Der ebene Tafel has a nice bar upstairs of the restaurant where we bought a moderately priced glass of prosecco and an outrageously priced glass of craft beer and sat on stools that looked like they'd been salvaged from a council-run leisure centre cafeteria and looked at other couples sitting around drinking and waiting to be seated. The restaurant itself had looked moderately busy, which was impressive given that they'd been open three months already and I'd expected the buzz around them to have died down a little. The walls were hung with art from Geraldinium Holmes's latest exhibition which I utterly failed to recognise but had the Blonde making little gasps of admiration and pointing things out to me.
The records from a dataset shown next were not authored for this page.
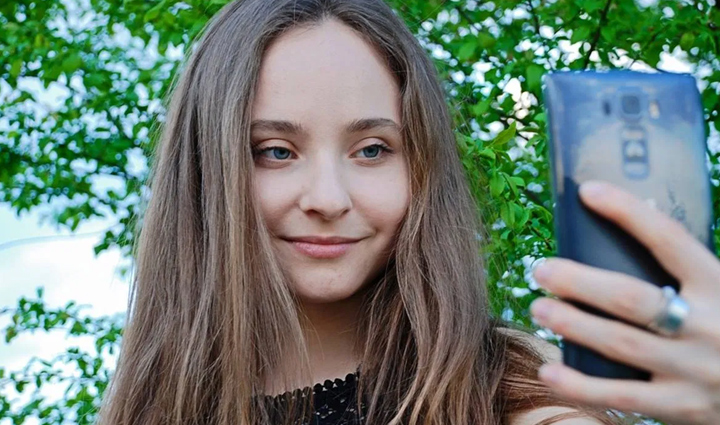 रखना चाहते हैं अपनी आंखों का ख्याल, दिनचर्या में शामिल करें ये एक्सरसाइज eye exercises for healthy living,caring for your eyes with exercises,improve eye health with these exercises,incorporating eye exercises into your routine,eye care tips for healthy living,enhance eye wellness with exercises,eye-strengthening exercises for better health,maintaining healthy eyes through exercise,eye health and exercise routines,importance of eye exercises for overall health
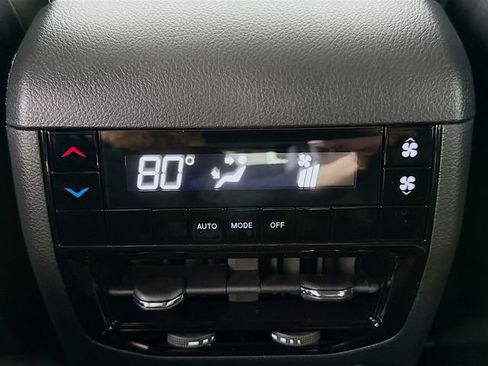 New 2025 Jeep Grand Cherokee L Altitude image 24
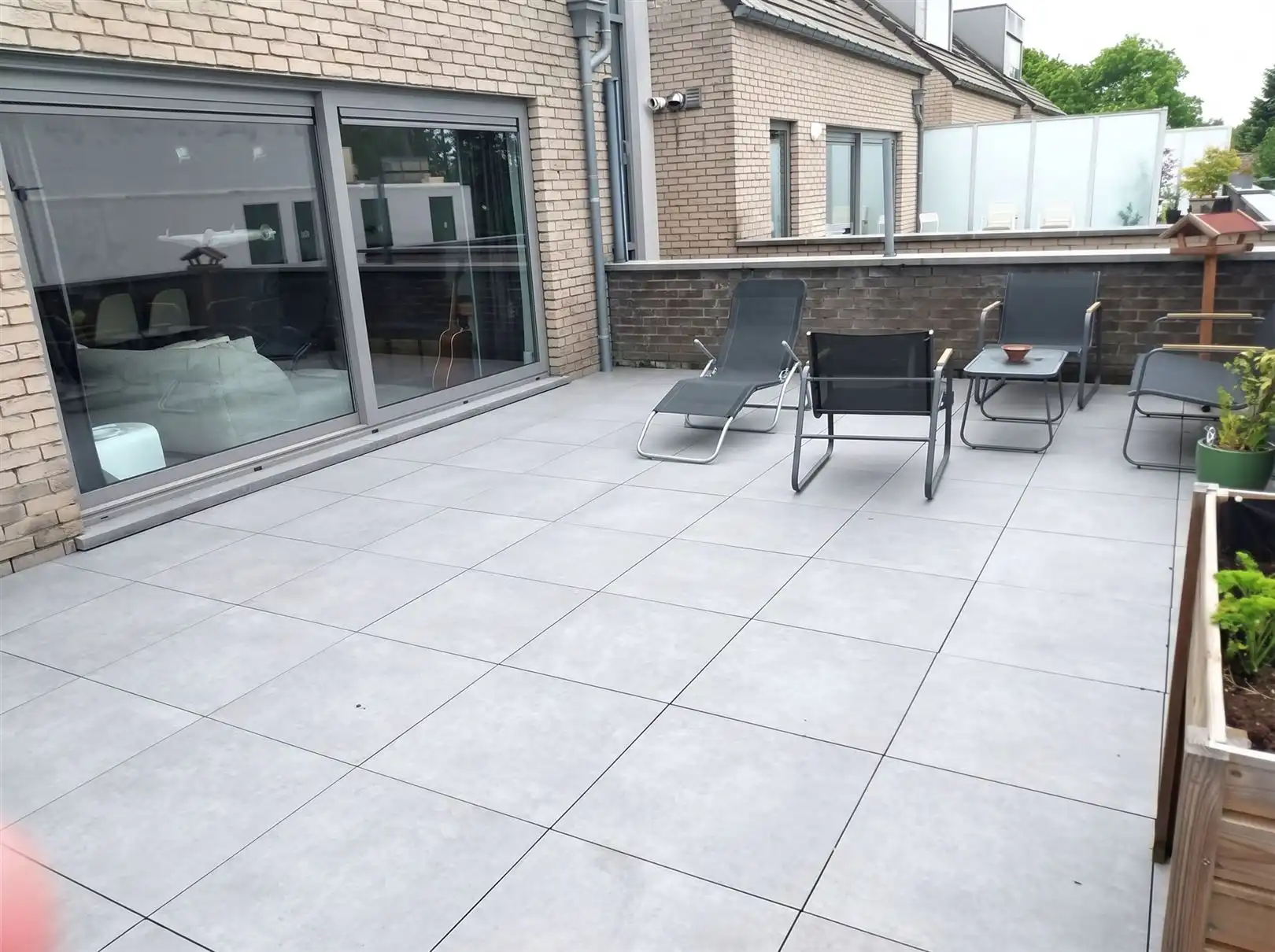 TE HUUR: Ruim appartement met 2 slaapkamers te Koersel! foto 12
Eventually I asked her why everyone in the pictures looked as though they were starving.
"Oh, that was the theme of the exhibition," said the Blonde. "She called it Maigre, obviously, and the pictures are all inspired by hunger-strikers. She allegedly starved one live model for thirteen days to get the right shadows on the ribs."
"She sounds delightful," I said, looking away from the pictures.
"She's wanted in eight countries for suspected human right abuses," said the Blonde. "It's significantly increased her market worth."
Thankfully the waiter came and seated us downstairs in the restaurant before I could have more details pointed out in the pictures.
The restaurant décor was disappointing: the shag-pile carpet might have been intended to shock but it just looked like a hygiene nightmare; the tables were octagonal and looked like Claes Olaf rip-offs, and the the cutlery, though interesting shaped, seemed impratical (while the industrial aesthetic makes a change, a fork with only one tine is really just a very thin-bladed knife, and the knife with parallel blades seemed useless unless you were trying to snort coke off your plate). The Blonde picked up the spoon, which possessed two convex sides and rapped it on the table. It broke, and our waiter replaced it with ill grace. Then he presented us with menus.
I ordered the multi-hued beetroot salad for starters and the Blonde opted for sauced clams. When the plates arrived, I found myself frowning.
"I could put this in an envelope and post it to myself," I said. The beetroots were sliced paper thin, as was everything else on the plate, including the leaves and herbs. The whole thing was flatter than the soles of my shoes. I looked at the Blonde's plate and it too was disturbingly flat. I understood the point of the fork now; the only way to get the flesh out of the shells of the clams was to slide a very thin blade in there and scrape. Each shell was barely 2mm thick and probably 15cm long.
"It's very... hard work," she said, with a sigh.
The mains were similar: my steak covered my entire plate twice over but was as thin as the beetroot slices. I couldn't tell you how it was cooked, and I'm only sure it was because it was the wrong colour for tartare. There was a sensation of beef, but barely that. The Blonde ordered the spatchcocked chicken and that came out nearly eight times the size of mine. It was neatly folded on the plate like an accordian and could probably have been worn by Lady Gaga to a Premier in Leicester Square.
"How flat are the desserts?" I asked the waiter as he passed by.
"Don't order the Napoleon," he said with a ghost of a smile.
"This has been interesting," said the Blonde. "Perhaps we could go somewhere where there's actual food next?"
I nodded my agreement, realising that I'd managed to confuse my napkin with my beef, but that the napkin seemed to have had more texture to it.